Statistical Analysis

We carried out the analysis of the above-mentioned factors descriptively. Overall survival (OS) measured the time from the date of diagnosis until the date of death from any cause or last follow-up, and the cancer special survival (CSS) was estimated from the interval between the HNNEC diagnosis until the cancer-associated death or the last follow-up.

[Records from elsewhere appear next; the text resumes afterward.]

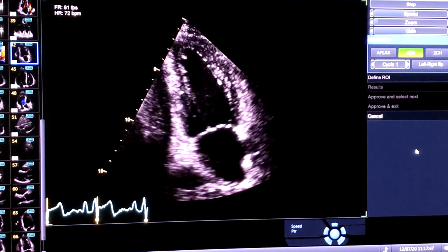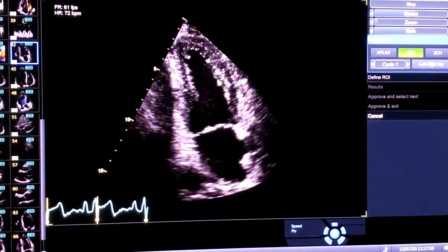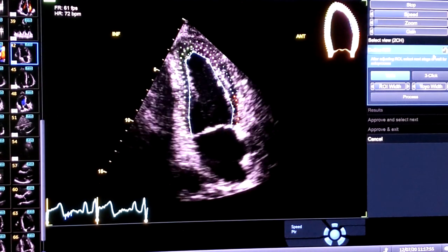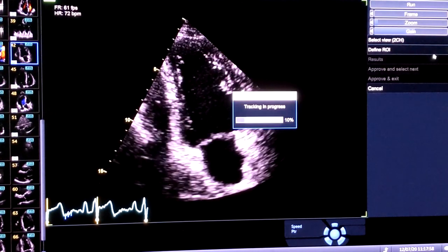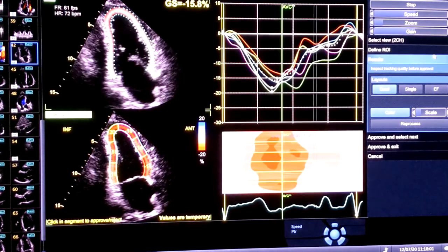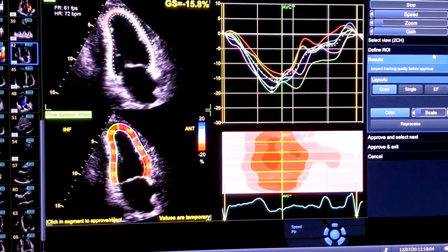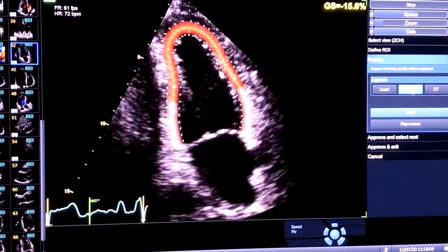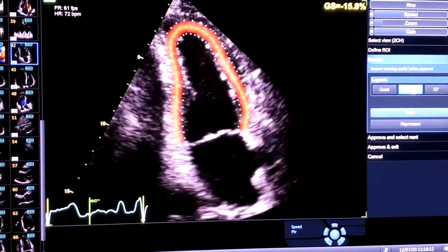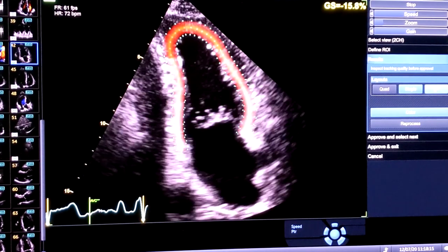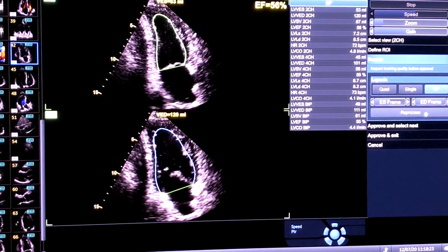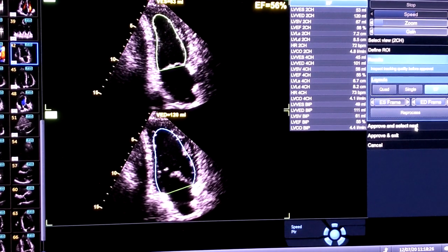Select the correct view — in this case the apical two-chamber view. I'm happy with the tracking; you can either click process or it will automatically process. You will get the longitudinal strain of the apical two-chamber view. Click single to analyze one image, or click AFI to obtain the biplane ejection fraction and biplane diastolic and systolic volumes. When ready, click approve and select next to go to the last view.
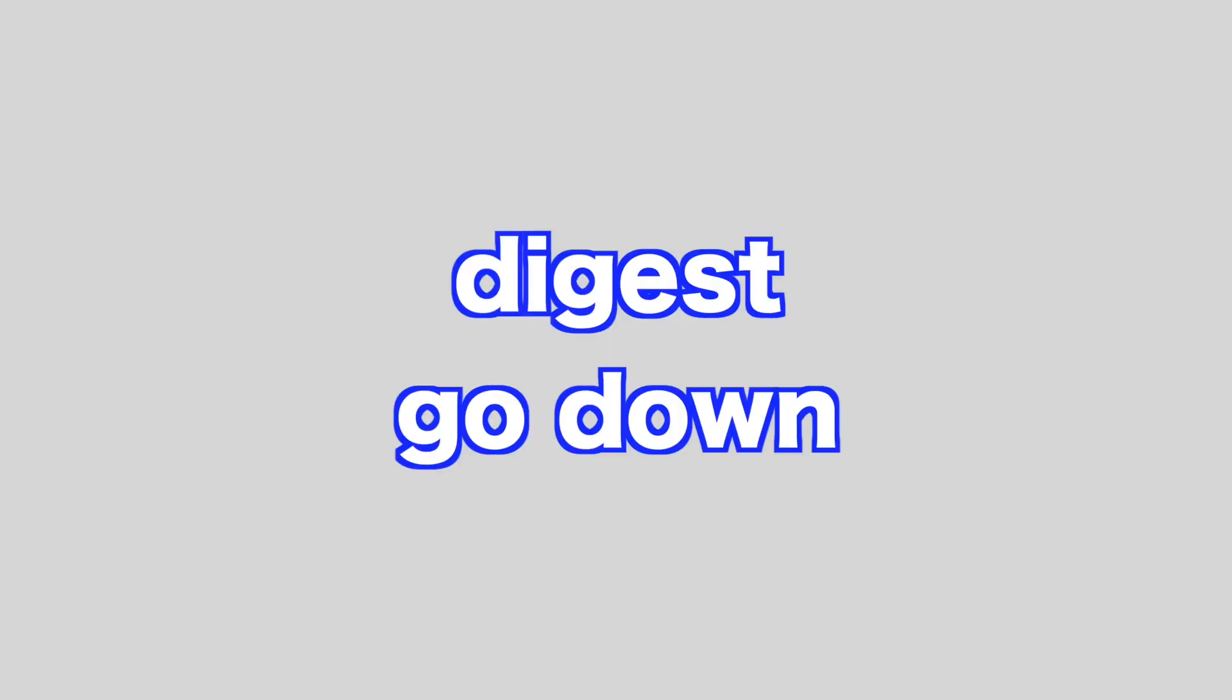Develop, build up, come on. Digest, go down. Disable, shut down.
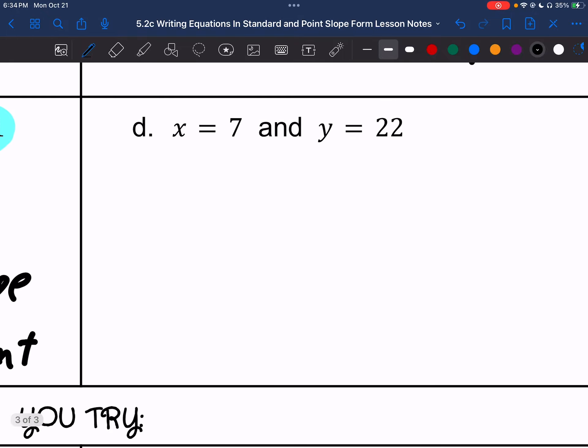Letter D: we have x equals 7 and y equals 22. Y equals 22 is a horizontal line at 22, and x equals 7 is a vertical line at 7. A horizontal and vertical line meet at right angles — that is perpendicular.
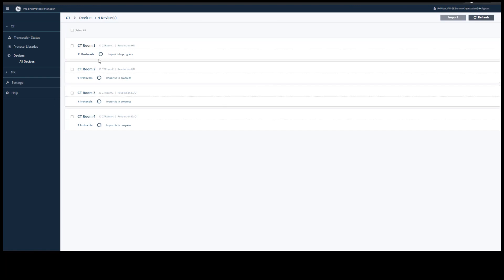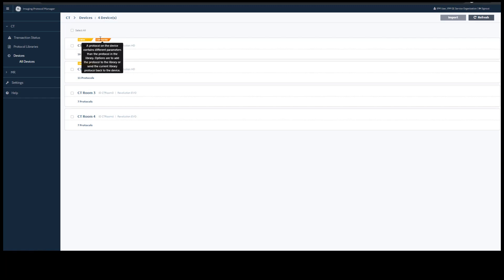In CT Room 1, you can see we have five new protocols and two deviated protocols. New protocols are protocols that are not in your standard library. Deviated protocols are protocols that are in your standard library but have since changed.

Then the Kaplan–Meier method was applied to plot survival curves, using the log-rank test to analyze the differences in survival. Both univariate and multivariate Cox regression modeling was employed to evaluate the significant prognostic factors of CSS and OS. By calculating the hazard ratios (HR) and 95% confidence intervals (95% CI), the relationship between the risk factors and survival could be assessed. All analyses were completed by the statistical software SPSS 22.0 and R version 3.6.3. The results of P<0.05 were selected as statistically significant.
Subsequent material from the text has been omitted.